Posts Tagged ‘celebrities’

Guilty Pleasures

July 16th, 2009

The internet is all ablaze with the glory of celebrity scandal today. Bad news for the likes of Madonna, Orlando Bloom and Mischa Barton…good news for those of us who love bad news (as long as it isn’t related to us directly). This is the basic premise of celebrity gossip after all: schadenfreude.

  • Madonna France Stage CollapseFirst off, Twitter is all about Madonna and what her opulence has caused today. If you haven’t seen her latest tour, called Sticky & Sweet (bukkake anyone?), it is FAGULOUS. Yes, that’s right, I’m coining a new phrase.

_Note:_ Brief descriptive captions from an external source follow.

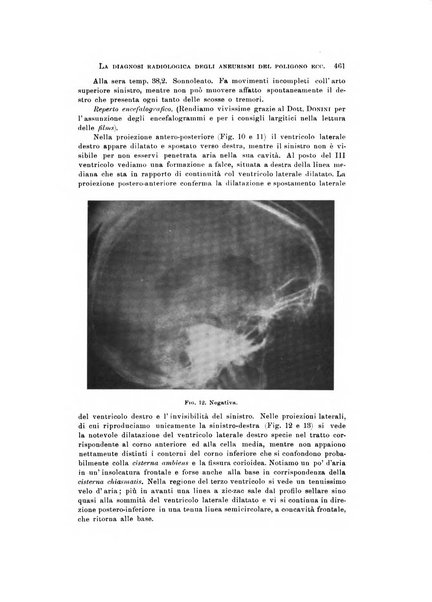 Rivista di neurologia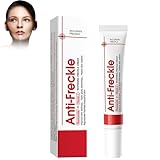 Aufhellungscreme Korrektorcreme,Aufhellungscreme Gegen Dunkle Flecken Im...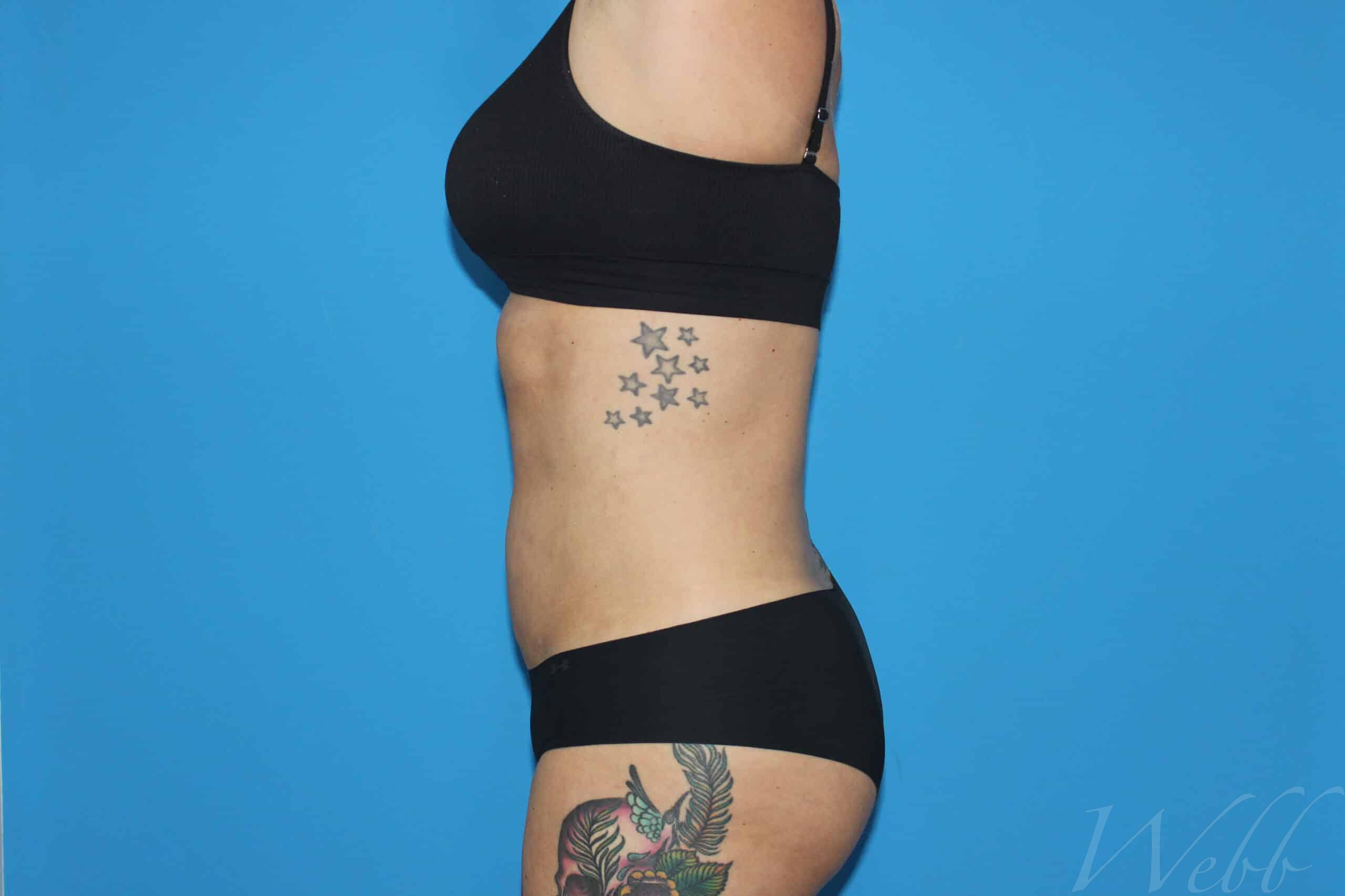 liposuction patient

No matter the venue, that woman/being knows how to put on a big and glittery show (minus the artistry/class of other gay icons i.e. Cher or Bette Midler). That being said, the stage for her tour is huge and the weight of such a massive traveling structure has finally collapsed on itself…and a few people as well. While being assembled at the Stade Velodrome stadium in Marseille, France, the stage fell apart today, crashing down on several workers. So far reports say that at least six people have been rushed to the hospital and one D-E-A-D. It goes without saying that the concert has been canceled.
  • Mischa Barton Needs a PsychiatristSpeaking of crazy she-animals, it was reported early today that Mischa Barton (of The OC fame) was “removed” from her West Hollywood home late Wednesday afternoon. Before going any further, let’s just make sure you understand who this psycho bitch is. She is well-known in the Hollywood social scene for being a little…off. She tends to self-medicate with anything she can get her hands on. In fact in February 2008 she was charged with DUI and marijuana possession (just the tip of the iceberg if you ask me). So, it should come as no surprise that newer reports today have escalated the starlet’s current state. It appears dear Mischa has been placed under psychiatric hold and transferred to Cedars-Sinai Medical Center. Mischa, age 23, has a new show coming out on the CW this fall though that may be tossed in the crapper if she doesn’t get her shit together. Following in the footsteps of Britney (who has been placed on psychiatric hold twice so far) isn’t a good idea. Hopefully she will just turn out to have had a bad trip on some magic-mushrooms.
  • Orlando BloomOn the less deadly/psychotic side of things: Orlando Bloom has been robbed. The actor, who has been in NYC lately, also has a home in the Hollywood Hills. Yesterday thieves broke into said home and absconded with roughly $500,000 in loot. So far no one has been arrested, but fingerprints were taken at the scene.
  • Entertainment Weekly Iron Man 2 CoverEnough with the celeb-drama! How about some good ole’ fluff? Images of the main characters in the upcoming Iron Man 2 have emerged in the upcoming issue of Entertainment Weekly. I have to say I didn’t see the first and probably won’t see the second but I loves me anything with Scarlett Johannsson. Ms. Scarlett appears to be playing a character named the Black Widow. Not sure if I care for the hair-color but I’m sure its appropriate somehow. Hope she plays a slutty villian…PS That is Mickey Rourke in there too. Scary, no?
  • Just a little bit more sad news: Kim Cattrall is single again. Aw.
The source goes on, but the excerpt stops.